**AIM OF THE EXERCISE:**
Print the lines below from the line with "Mudpools bollente in" to the line with "An empty lab" exactly, keeping both ends, and print no pictures.

**SUPPLIED RECORDS:**
==*==
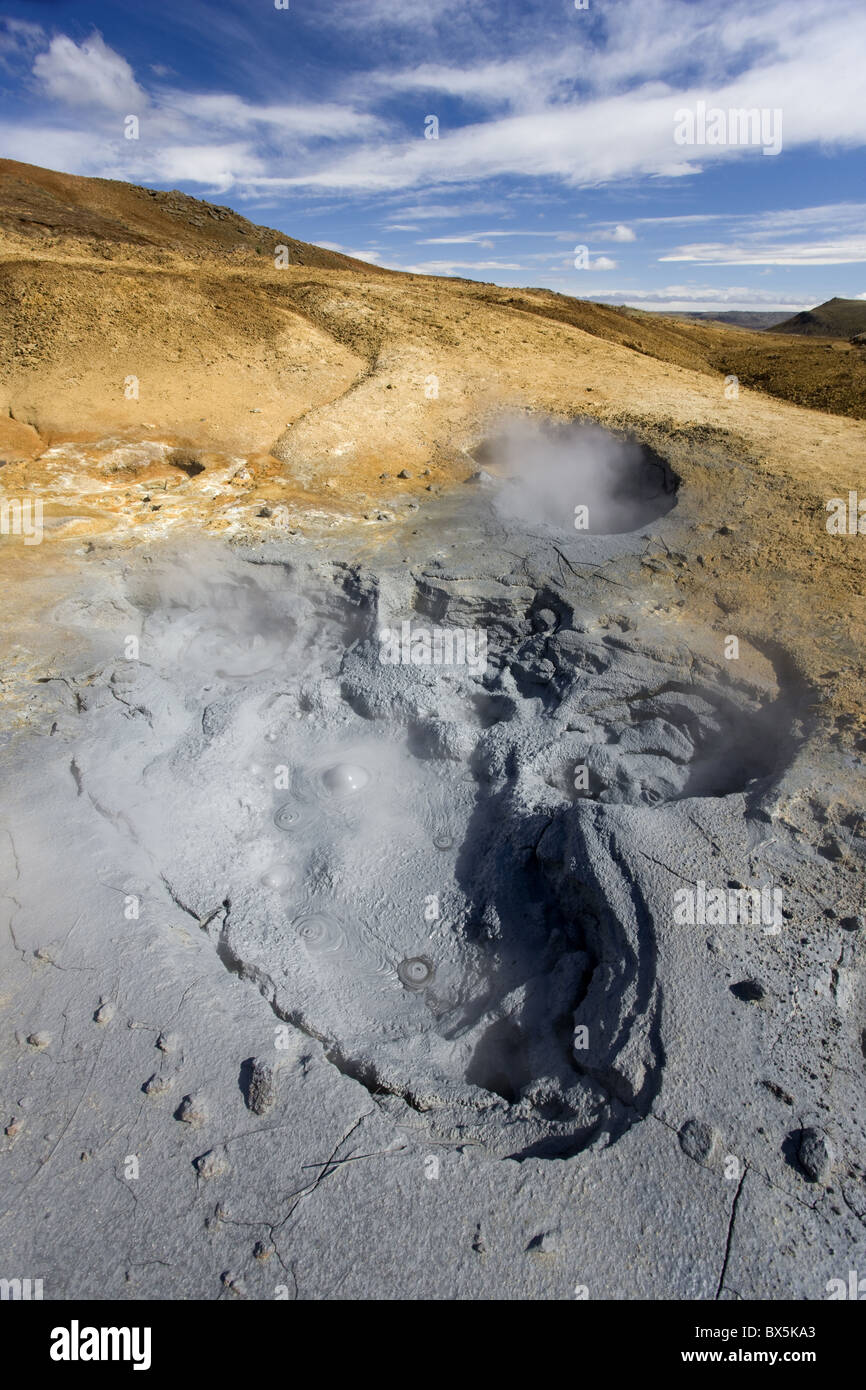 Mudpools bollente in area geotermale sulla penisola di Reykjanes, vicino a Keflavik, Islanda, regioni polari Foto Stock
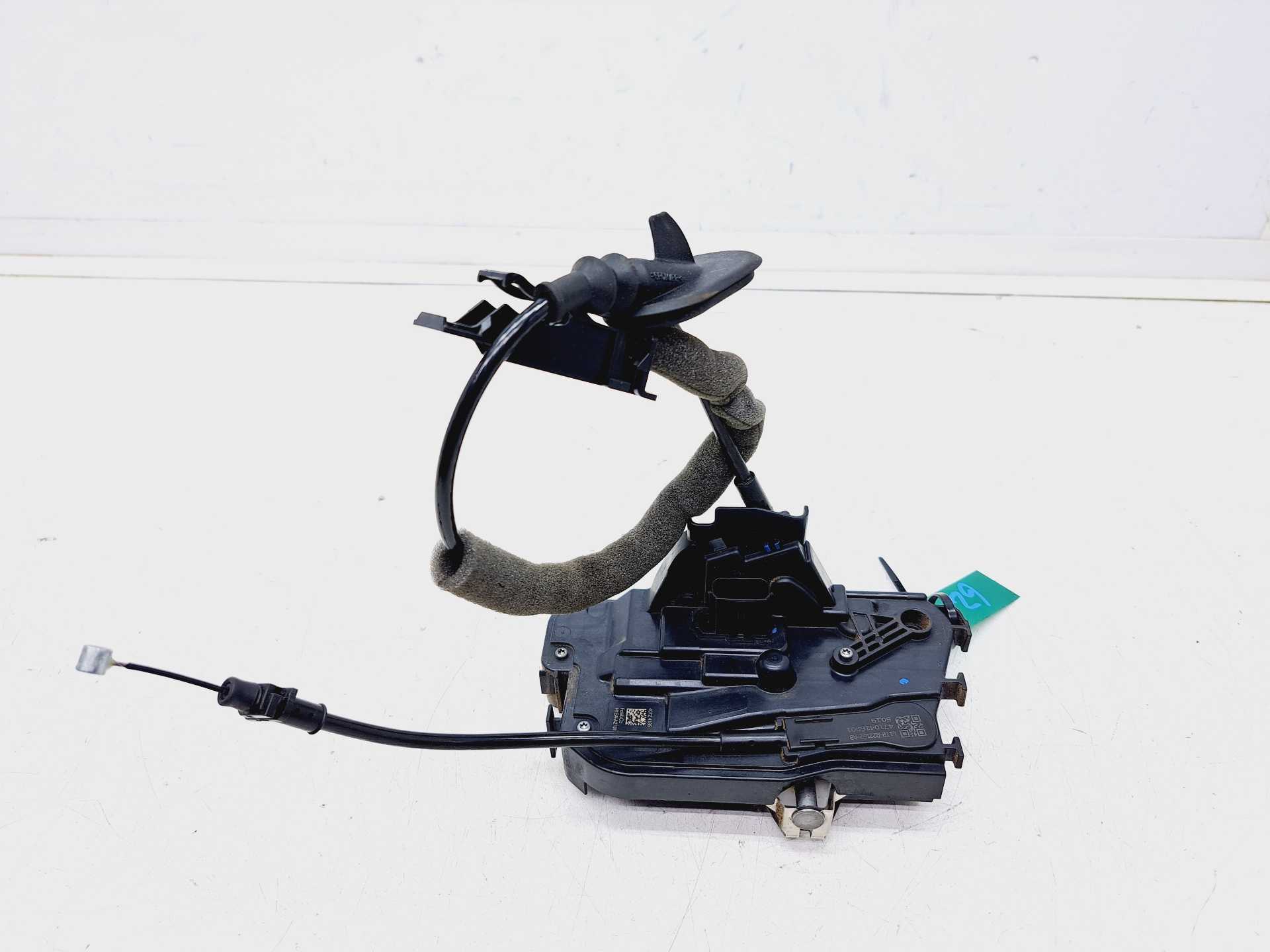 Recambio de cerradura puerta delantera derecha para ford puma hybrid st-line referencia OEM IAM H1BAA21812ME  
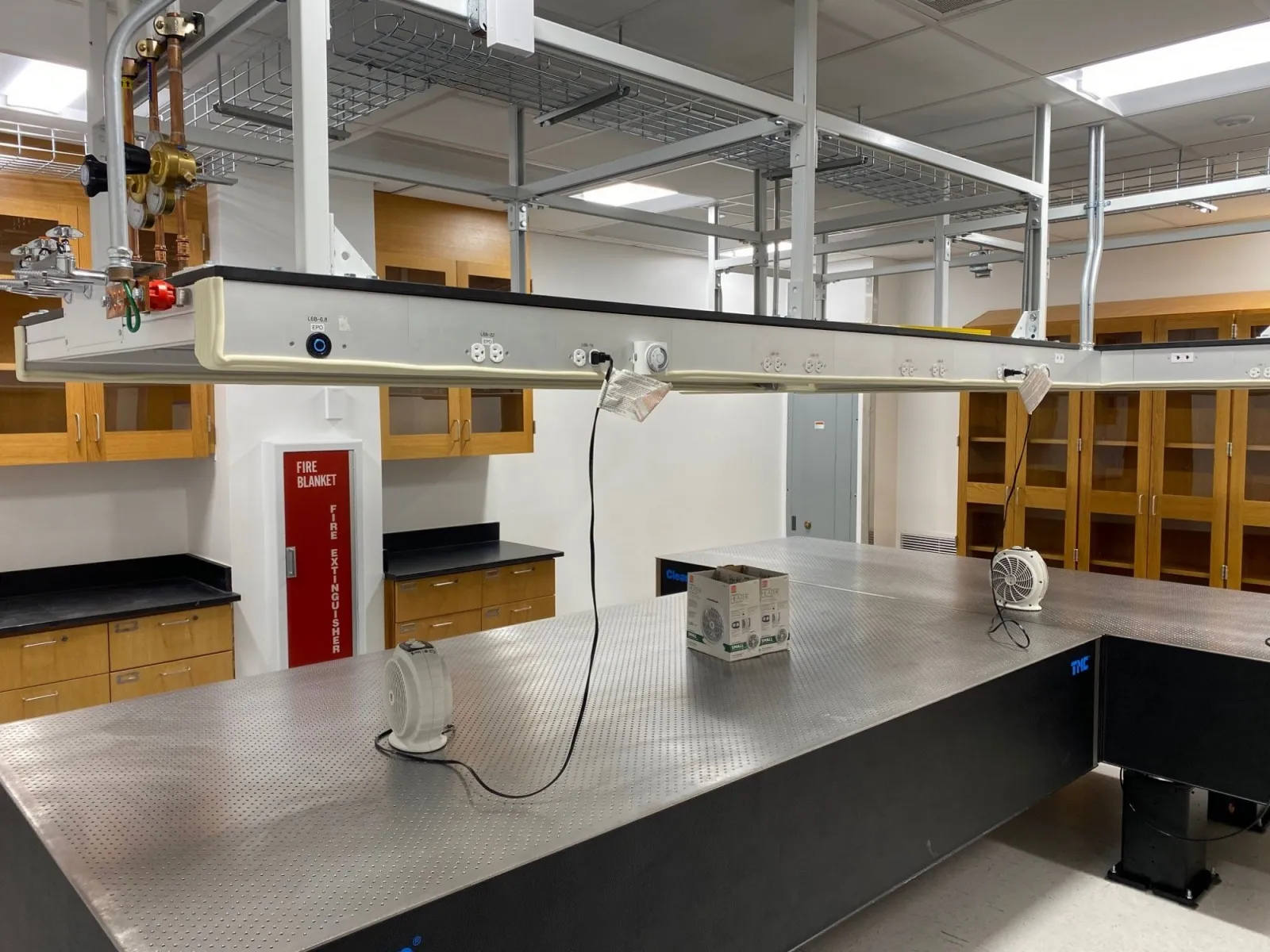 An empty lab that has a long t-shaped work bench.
==*==
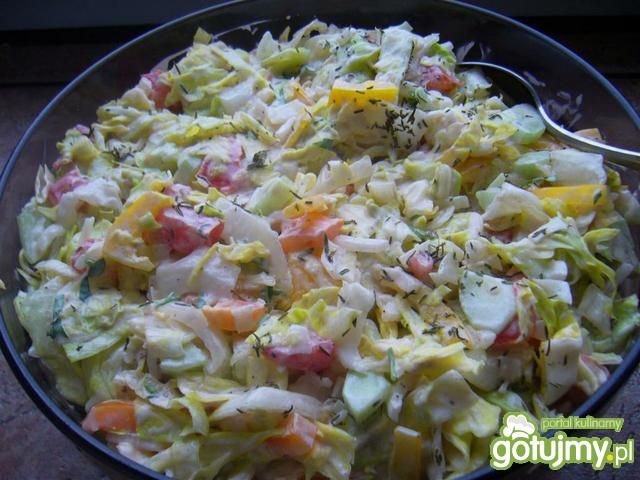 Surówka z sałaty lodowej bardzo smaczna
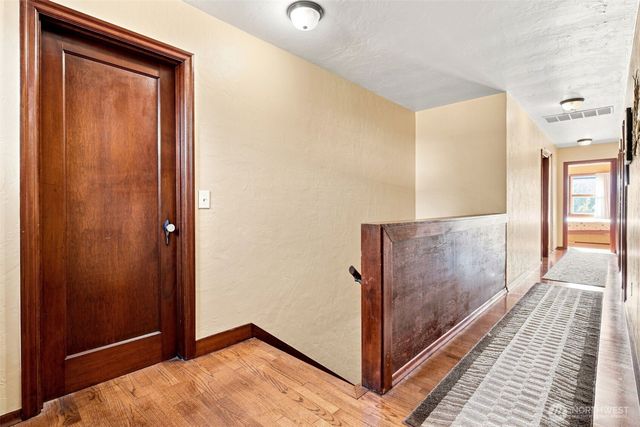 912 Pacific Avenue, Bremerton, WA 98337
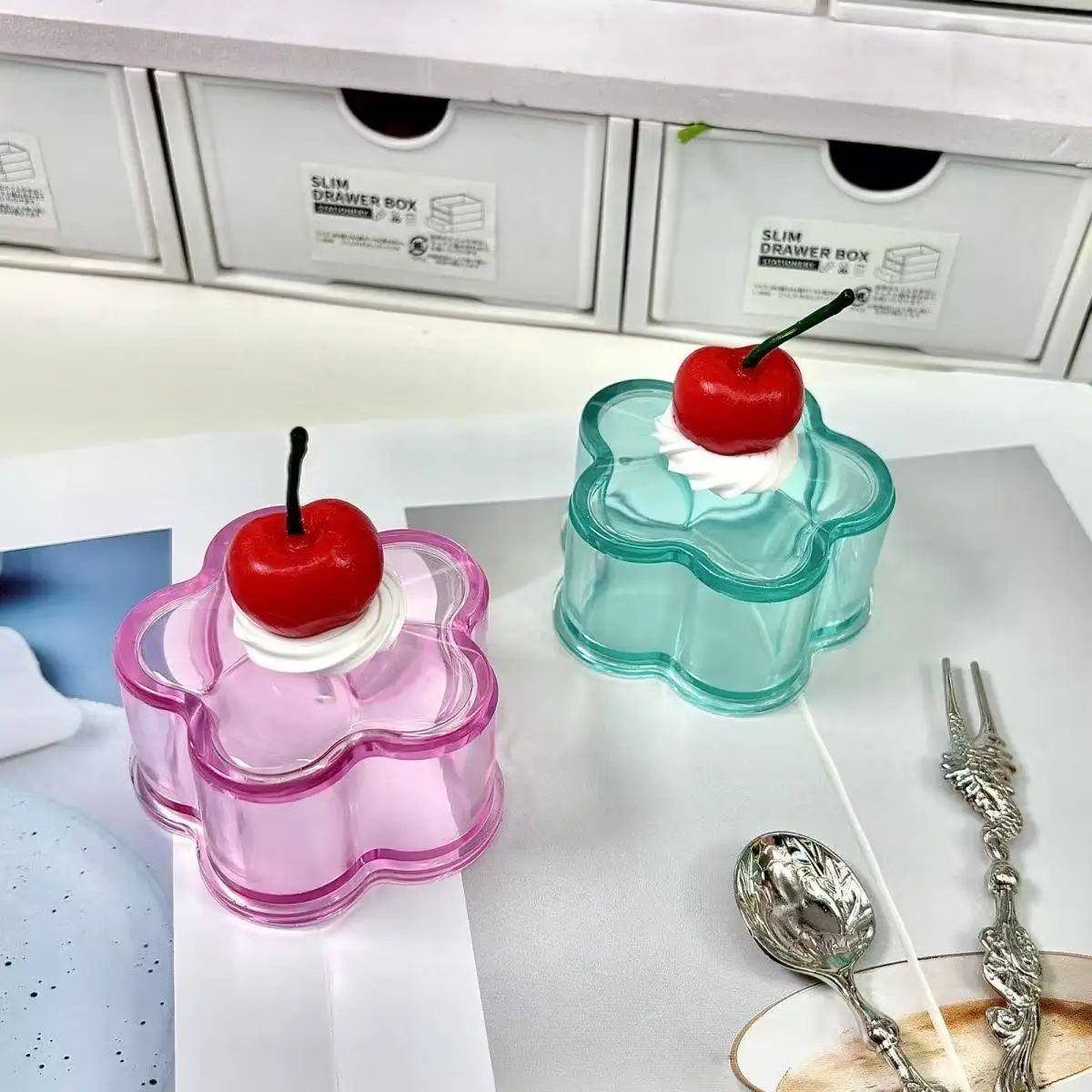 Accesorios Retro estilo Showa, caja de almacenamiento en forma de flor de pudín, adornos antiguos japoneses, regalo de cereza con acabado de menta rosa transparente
==*==
**TASK OUTPUT:**
 Mudpools bollente in area geotermale sulla penisola di Reykjanes, vicino a Keflavik, Islanda, regioni polari Foto Stock
 Recambio de cerradura puerta delantera derecha para ford puma hybrid st-line referencia OEM IAM H1BAA21812ME  
 An empty lab that has a long t-shaped work bench.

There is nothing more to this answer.